# Ordering Pizza In The Near Future?



## Castle Rock Outbackers (Jan 18, 2004)

Turn speakers on for this one! I love it!

Ordering Pizza

Randy


----------



## toolman (Jul 12, 2005)

Nothing seem to happen when I clicked the link.

Must be me

But id love a pizza

Toolman


----------



## tdvffjohn (Mar 10, 2005)

Kinda scary. wonder how close we are to that reality.
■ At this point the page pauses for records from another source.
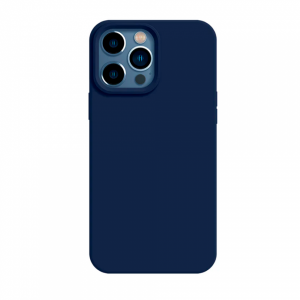 Силиконовая накладка совместимая с iPhone 14 Pro (SC) темно-синяя Partner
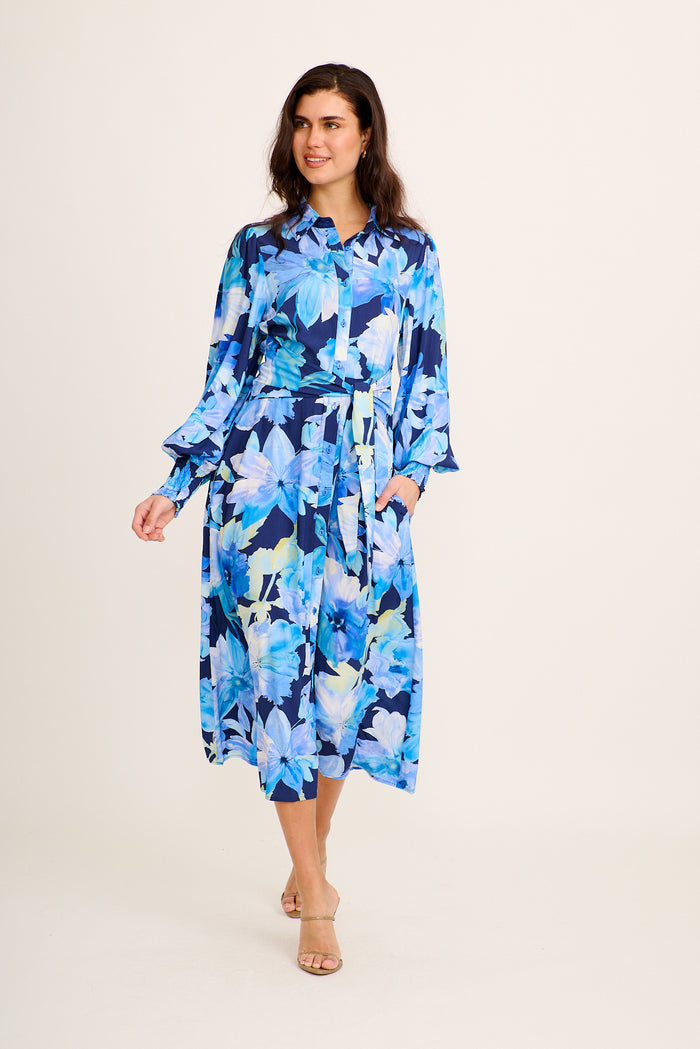 Dolce Maxi Shirt Dress in Blue Floral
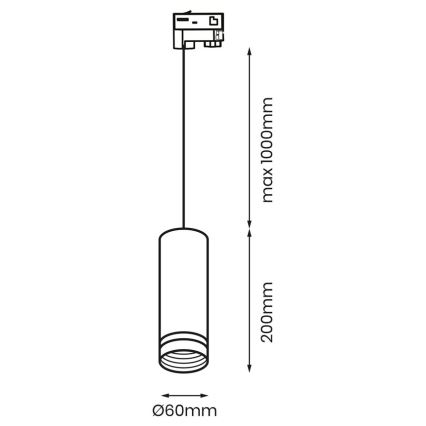 Suspension filaire pour système de rail 3 phases PIPE 1xGU10/25W/230V blanche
Think I ll just go pick up my pizza.

John


----------



## Highlander96 (Mar 1, 2005)

Closer than one would like to think!

Tim


----------



## PDX_Doug (Nov 16, 2004)

Yeah, I'd loke to order a large combo. Hold the anchovies.
Thanks Randy, I'll owe you one!









Happy Trails,
Doug


----------



## dmbcfd (Sep 8, 2004)

Always pay cash, use an alias, pick it up yourself, park around the corner, call from a pay phone.

Do I sound paranoid?

Just because you're paranoid, that doesn't mean they really aren't after you, you know.









Steve


----------



## Ghosty (Jan 17, 2005)

Sooner then you think....


----------



## California Jim (Dec 11, 2003)




----------



## Reverie (Aug 9, 2004)

dmbcfd said:


> Always pay cash, use an alias, pick it up yourself, park around the corner, call from a pay phone.
> 
> Do I sound paranoid?
> 
> ...


Henry Kissinger was asked about Richard Nixon once and he said "Just because you are a paranoid, doesn't mean you don't have enemies".

Reverie


----------



## mjs518 (Oct 24, 2004)

A couple more terrorist attacks on the homeland, a couple more patriot acts from big brother and we're there








God help us!


----------



## HootBob (Apr 26, 2004)

It right around the corner








What next, when you go to the bathroom and how many times









Don


----------